● **Exercise goal**
Quote the entries below from the line with "A dead starling" through the line with "F2战斗机坠毁竟因发动机未维护?日本调查结果揭秘(图4) F2战斗机坠毁竟因发动机未维护?日本调查结果揭秘(图4)", both ends included, and only those lines.

● **Extracted information**
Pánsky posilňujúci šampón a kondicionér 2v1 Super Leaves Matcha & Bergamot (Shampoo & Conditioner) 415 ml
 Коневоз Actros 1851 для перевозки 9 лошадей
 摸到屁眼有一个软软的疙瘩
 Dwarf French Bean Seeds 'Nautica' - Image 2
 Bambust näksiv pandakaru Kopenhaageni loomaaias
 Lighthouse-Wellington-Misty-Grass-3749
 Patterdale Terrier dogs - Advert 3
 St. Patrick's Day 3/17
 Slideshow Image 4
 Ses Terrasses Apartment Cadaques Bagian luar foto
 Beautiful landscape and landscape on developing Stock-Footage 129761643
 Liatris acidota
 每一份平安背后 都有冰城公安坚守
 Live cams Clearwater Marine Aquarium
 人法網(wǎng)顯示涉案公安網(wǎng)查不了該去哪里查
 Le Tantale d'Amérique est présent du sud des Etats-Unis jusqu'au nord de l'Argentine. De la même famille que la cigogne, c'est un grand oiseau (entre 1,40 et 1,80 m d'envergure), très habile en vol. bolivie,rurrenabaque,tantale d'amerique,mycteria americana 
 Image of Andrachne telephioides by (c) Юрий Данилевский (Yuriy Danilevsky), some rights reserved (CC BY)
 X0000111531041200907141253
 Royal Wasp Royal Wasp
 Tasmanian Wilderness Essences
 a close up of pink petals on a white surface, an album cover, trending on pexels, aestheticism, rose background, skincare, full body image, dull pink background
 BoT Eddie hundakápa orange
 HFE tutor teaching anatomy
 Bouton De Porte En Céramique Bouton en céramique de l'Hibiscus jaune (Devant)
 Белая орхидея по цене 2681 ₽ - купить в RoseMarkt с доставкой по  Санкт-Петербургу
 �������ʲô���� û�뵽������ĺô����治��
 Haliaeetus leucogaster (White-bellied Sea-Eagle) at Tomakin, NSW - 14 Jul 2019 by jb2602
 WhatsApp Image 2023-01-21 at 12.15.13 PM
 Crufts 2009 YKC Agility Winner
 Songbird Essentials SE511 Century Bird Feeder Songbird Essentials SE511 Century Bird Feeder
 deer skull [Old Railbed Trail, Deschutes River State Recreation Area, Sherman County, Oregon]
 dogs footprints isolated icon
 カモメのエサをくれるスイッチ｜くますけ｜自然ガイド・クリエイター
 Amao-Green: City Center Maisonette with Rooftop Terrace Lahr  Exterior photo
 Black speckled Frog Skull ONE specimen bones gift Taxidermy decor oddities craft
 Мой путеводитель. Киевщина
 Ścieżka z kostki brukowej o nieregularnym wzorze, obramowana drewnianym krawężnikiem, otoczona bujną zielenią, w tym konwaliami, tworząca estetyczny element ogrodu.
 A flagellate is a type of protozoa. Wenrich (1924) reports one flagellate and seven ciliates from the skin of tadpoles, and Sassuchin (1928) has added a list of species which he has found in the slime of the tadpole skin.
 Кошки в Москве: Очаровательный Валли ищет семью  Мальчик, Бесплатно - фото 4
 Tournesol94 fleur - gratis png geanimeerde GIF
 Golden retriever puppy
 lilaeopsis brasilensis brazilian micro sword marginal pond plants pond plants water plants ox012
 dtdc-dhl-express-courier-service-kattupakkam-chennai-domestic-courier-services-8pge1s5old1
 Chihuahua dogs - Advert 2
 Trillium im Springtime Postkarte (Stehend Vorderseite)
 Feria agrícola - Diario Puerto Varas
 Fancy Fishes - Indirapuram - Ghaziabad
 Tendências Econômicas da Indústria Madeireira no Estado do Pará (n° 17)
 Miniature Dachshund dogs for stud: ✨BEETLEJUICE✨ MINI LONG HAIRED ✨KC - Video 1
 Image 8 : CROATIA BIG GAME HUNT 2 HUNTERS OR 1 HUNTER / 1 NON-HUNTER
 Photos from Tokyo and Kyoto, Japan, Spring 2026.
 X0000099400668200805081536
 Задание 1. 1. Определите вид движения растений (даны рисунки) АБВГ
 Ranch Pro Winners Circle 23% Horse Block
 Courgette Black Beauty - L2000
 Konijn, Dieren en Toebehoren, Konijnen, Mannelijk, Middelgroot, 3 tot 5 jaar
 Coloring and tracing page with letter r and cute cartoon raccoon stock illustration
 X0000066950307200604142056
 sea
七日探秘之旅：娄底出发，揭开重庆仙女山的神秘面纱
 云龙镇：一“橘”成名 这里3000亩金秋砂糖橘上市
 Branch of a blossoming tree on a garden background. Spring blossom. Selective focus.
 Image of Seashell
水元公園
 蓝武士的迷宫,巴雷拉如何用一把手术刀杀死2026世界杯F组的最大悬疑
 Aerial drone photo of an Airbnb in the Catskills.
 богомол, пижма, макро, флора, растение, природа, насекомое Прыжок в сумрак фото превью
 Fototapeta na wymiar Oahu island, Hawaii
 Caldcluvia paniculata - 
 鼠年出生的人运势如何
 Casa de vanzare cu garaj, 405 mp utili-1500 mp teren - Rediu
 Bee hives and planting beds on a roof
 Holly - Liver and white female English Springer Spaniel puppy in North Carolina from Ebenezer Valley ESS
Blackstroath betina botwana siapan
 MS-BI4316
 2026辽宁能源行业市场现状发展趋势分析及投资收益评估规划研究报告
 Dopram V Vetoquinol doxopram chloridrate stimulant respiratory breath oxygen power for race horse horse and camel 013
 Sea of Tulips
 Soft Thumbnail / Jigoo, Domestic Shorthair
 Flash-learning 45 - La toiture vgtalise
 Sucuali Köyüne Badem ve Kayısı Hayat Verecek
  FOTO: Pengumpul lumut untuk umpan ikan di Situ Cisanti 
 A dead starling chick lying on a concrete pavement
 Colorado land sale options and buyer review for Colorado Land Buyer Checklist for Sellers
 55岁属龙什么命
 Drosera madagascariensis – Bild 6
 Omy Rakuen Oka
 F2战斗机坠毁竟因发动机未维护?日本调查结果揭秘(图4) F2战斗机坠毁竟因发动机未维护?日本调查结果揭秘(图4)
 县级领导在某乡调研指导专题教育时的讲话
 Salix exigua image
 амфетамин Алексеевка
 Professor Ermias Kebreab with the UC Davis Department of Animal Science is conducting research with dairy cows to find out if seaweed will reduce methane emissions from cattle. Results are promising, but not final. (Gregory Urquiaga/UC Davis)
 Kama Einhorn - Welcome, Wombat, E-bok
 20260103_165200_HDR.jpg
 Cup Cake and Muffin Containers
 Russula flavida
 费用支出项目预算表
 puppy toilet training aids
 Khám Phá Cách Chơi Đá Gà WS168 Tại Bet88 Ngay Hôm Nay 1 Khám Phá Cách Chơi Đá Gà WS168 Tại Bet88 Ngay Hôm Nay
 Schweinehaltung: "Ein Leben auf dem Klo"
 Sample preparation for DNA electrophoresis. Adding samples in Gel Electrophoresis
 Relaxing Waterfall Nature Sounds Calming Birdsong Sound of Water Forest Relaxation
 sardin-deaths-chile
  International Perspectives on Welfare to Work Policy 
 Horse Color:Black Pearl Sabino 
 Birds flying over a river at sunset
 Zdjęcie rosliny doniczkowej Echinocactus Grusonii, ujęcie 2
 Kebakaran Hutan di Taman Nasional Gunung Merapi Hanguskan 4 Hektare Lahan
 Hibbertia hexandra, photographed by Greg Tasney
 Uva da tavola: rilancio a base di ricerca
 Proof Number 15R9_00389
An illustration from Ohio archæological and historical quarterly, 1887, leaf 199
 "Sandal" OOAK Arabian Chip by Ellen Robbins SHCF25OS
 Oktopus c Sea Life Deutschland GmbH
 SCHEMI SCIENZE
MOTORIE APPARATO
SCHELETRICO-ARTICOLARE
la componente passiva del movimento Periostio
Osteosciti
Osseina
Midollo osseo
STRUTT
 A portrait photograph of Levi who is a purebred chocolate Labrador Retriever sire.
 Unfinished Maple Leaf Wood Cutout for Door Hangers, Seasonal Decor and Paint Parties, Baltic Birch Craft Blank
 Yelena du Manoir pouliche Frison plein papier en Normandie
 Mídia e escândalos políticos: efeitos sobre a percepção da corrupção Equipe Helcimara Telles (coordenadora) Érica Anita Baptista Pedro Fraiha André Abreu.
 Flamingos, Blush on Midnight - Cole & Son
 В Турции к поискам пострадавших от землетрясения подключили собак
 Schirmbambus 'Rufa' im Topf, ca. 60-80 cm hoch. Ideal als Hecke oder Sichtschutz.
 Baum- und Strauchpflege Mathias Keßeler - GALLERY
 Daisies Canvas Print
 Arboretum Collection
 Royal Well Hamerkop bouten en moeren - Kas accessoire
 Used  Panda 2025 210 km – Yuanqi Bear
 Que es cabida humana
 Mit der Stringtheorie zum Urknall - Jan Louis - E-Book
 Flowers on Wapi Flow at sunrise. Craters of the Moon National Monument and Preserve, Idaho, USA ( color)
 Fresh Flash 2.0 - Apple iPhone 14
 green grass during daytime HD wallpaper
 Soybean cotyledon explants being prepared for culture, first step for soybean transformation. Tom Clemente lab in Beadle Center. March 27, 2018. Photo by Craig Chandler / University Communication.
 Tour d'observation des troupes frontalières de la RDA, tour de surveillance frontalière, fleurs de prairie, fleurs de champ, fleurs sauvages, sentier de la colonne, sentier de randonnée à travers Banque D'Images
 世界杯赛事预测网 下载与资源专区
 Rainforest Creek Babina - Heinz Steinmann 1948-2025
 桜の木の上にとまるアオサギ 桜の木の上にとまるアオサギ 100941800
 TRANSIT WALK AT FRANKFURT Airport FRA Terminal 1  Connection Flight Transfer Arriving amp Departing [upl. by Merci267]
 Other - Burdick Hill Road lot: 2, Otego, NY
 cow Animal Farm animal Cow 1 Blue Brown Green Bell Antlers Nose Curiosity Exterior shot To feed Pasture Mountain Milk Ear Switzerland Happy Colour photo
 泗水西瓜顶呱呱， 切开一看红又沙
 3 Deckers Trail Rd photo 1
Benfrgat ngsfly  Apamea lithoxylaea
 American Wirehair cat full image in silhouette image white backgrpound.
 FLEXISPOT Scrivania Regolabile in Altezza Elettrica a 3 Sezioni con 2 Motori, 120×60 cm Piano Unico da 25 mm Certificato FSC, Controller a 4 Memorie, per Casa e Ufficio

● **Written answer**
 A dead starling chick lying on a concrete pavement
 Colorado land sale options and buyer review for Colorado Land Buyer Checklist for Sellers
 55岁属龙什么命
 Drosera madagascariensis – Bild 6
 Omy Rakuen Oka
 F2战斗机坠毁竟因发动机未维护?日本调查结果揭秘(图4) F2战斗机坠毁竟因发动机未维护?日本调查结果揭秘(图4)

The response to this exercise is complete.